California’s Proposition 8 is like a bad penny, or maybe a zombie attack; it keeps coming back and it just will not die. While the battle to send the measure back to the grave in 2010 rages on, John Marcotte is using humor to keep morale high. His Web site, RescueMarriage.org, answers a question that some activists have mentioned during the Proposition 8 battle: Why don’t traditional marriage advocates lobby against divorce? Or, as Marcotte puts it, “Previous generations had it right. It’s better to stay together in a soul-sucking sham of a marriage, filled with icy silence punctuated with passive-aggressive hostilities than to admit you might have made a mistake.” Cue networks across the country running the story on slow news days and plenty of ultra-conservative dittoheads and ultra-liberal dittoheads taking it seriously. While we’re not sure if the site itself or the comments about it on FreeRepublic.com are funnier, we appreciate its point about the hypocrisy and short-sightedness of Bible-thumpers who think protecting marriage means keeping gays out of it.
SLAP: To Our Community
So this isn’t really a slap, but more a gentle TAP on the nose.
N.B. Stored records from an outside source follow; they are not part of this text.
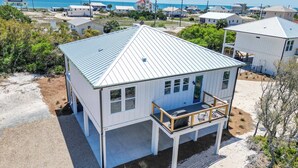 A coastal house with a metal roof, a balcony, and a view of the beach and ocean. - St George Island Home with Private Pool, Pet Friendly (heated/cooled pool for a fee) (Eastpoint)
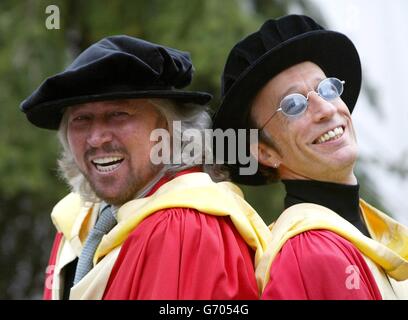 Die Bee Gees, Barry (links) und Robin Gibb posieren für Fotografen, nachdem sie den Ehrendoktortitel (Doktor der Musik) an der Universität von Manchester erhalten haben. Die Brüder nahmen auch einen posthumen Ehrendoktortitel im Namen ihres verstorbenen Bruders Maurice an, der im Januar 2003 starb. Stockfoto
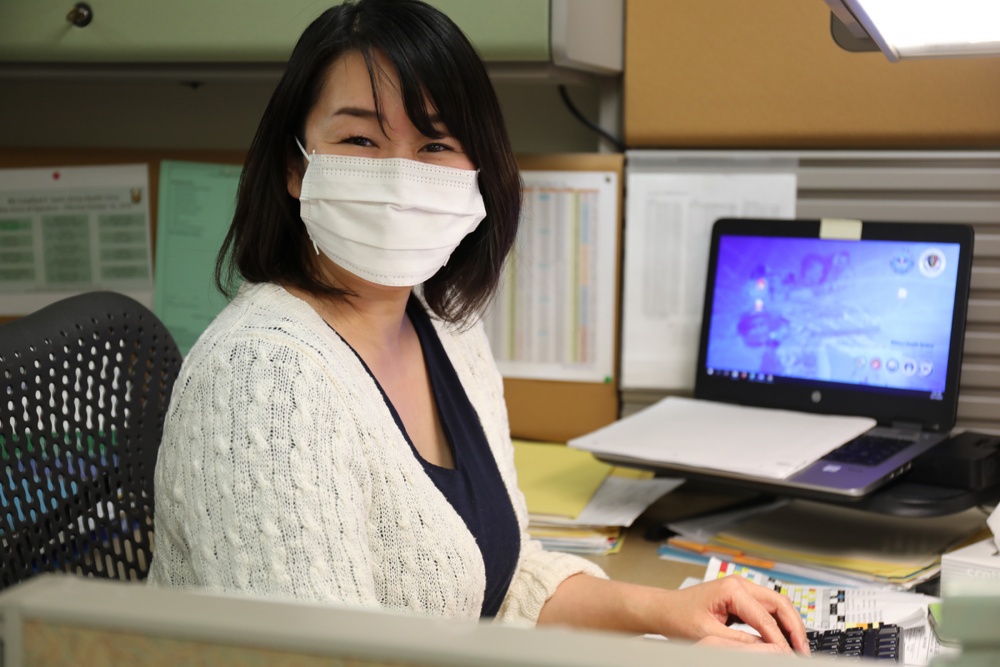 A woman wearing a face mask poses for a photo, with a laptop on a desk behind her.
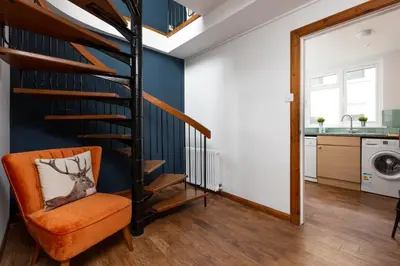 an orange chair in a living room with a spiral staircase at The Edinburgh Rooftop Terrace in Edinburgh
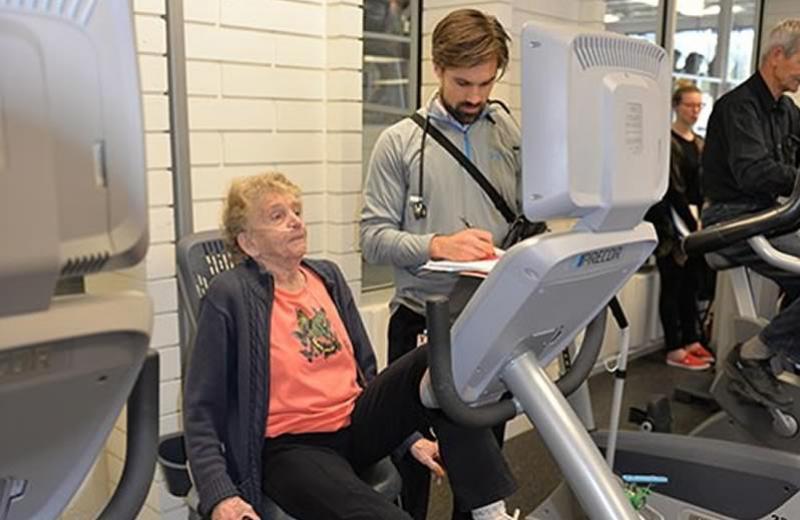 Patient on exercise bicycle monitored by physiotherapist.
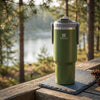 1200ml Insulated Travel Tumbler in green color against a natural background, perfect for outdoor adventures.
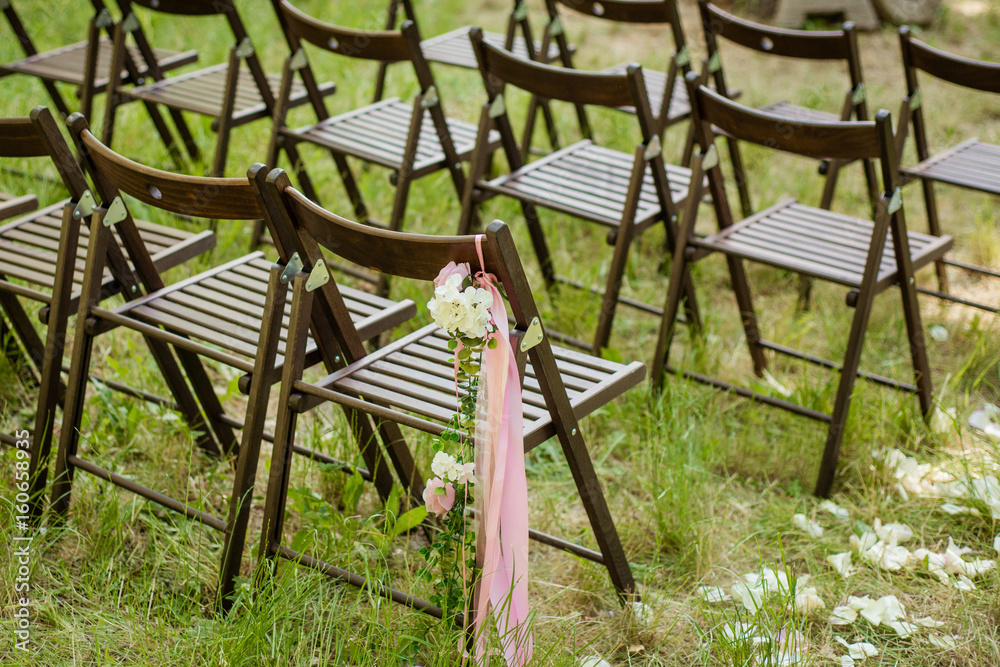 Beautifully decorated chairs for wedding reception outdoors. Wedding decor.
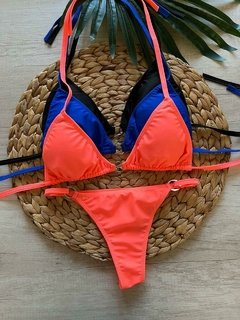 BIKINI TRIANGULO C/ ARGOLLA CDENTRAL Y LESS REGULABLE SALMON FLUO - comprar online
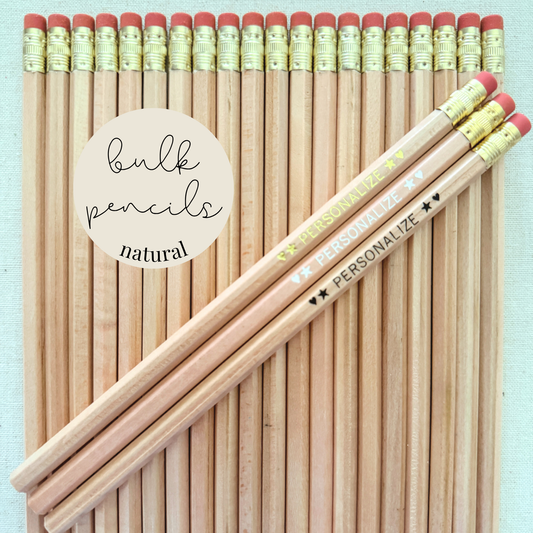 Natural bulk personalized pencils flat lay in a box with custom text hand-pressed made in the USA for schools events and corporate orders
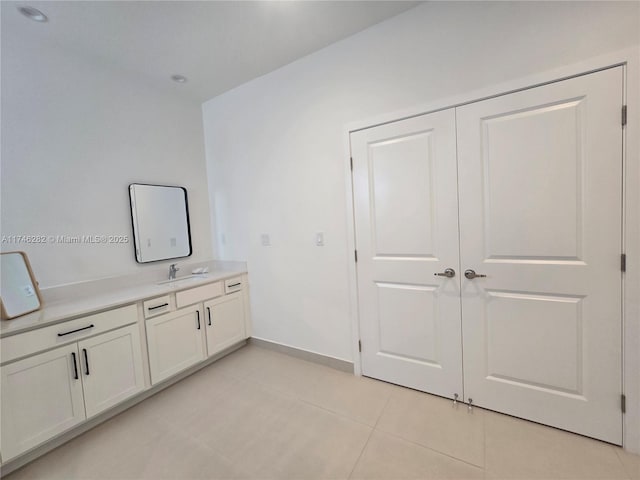 bathroom featuring tile patterned flooring and vanity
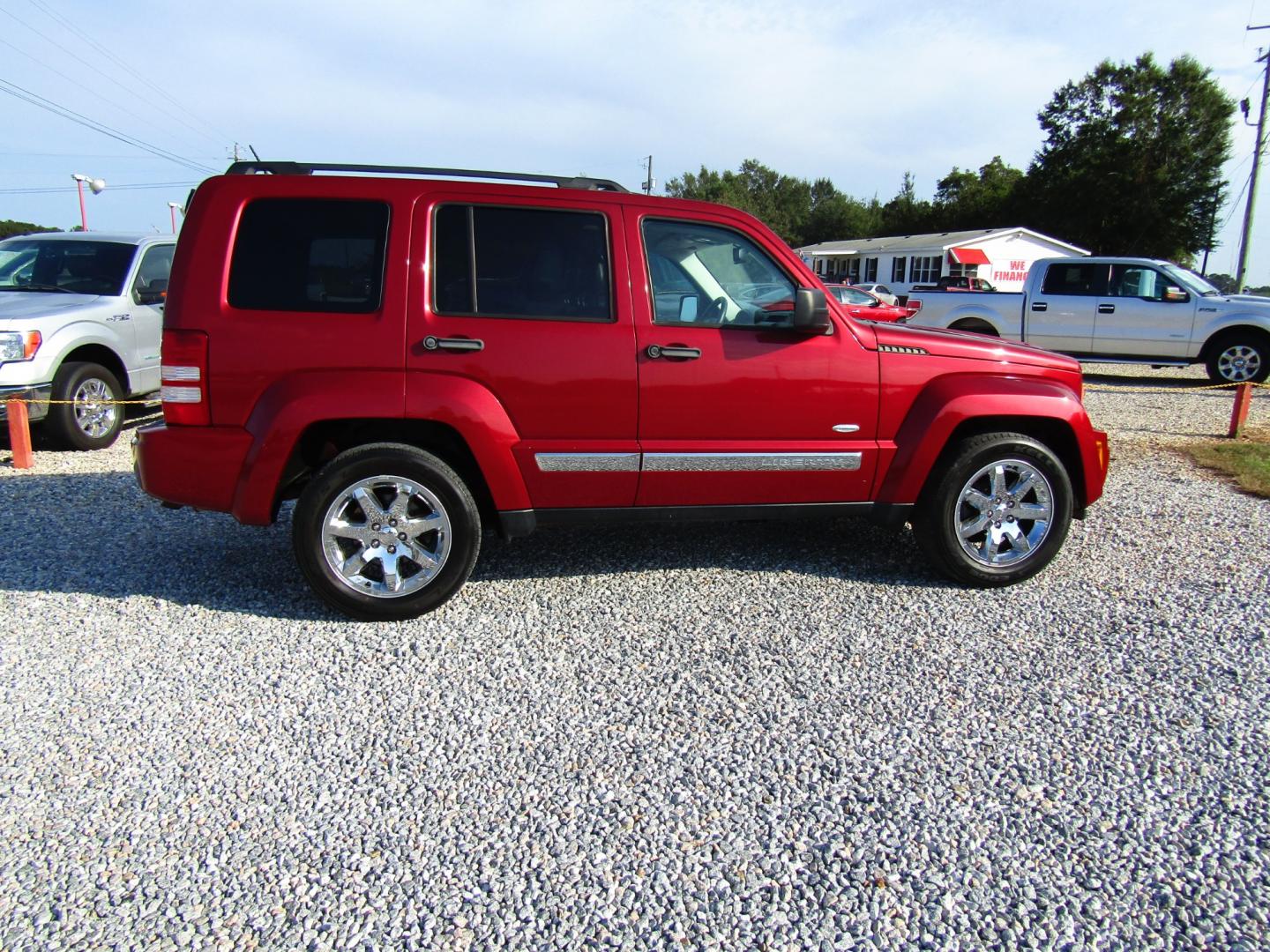 2012 Red /Black Jeep Liberty Sport 2WD (1C4PJLAK6CW) with an 3.7L V6 SOHC 12V engine, Automatic transmission, located at 15016 S Hwy 231, Midland City, AL, 36350, (334) 983-3001, 31.306210, -85.495277 - Photo#8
After last November’s protests and the January legislative session, we’ve all been a little laid back when it comes to pushing for our rights—even during those kiss-ins. Now, it’s fine to take a break and recoup, as _City Weekly_ said of us in one of its latest news stories, but we can’t afford to let that break turn into an extended holiday. On Sept. 21, DJ Bell goes to trial on child kidnapping charges that are, to put it mildly, dubious while the men who assaulted him and his partner still walk free and uncharged. Our community should show up at the Matheson Courthouse demanding justice, and show up every day until his trial ends. In July, Gena Edvalson lost the right to see her son after her ex-partner (his biological mother), hired the most notoriously anti-gay attorney in the state. The result? A ruling that co-parenting agreements are unenforceable. To protect our children, and the children of our gay and lesbian friends, we need to take this up with our legislators. And then, of course, there’s the 2010 Legislative Session to plan for. Activism is hard and tiring work, especially when we all have busy lives. But it’s work we can’t ignore. Especially now that temperatures are dropping.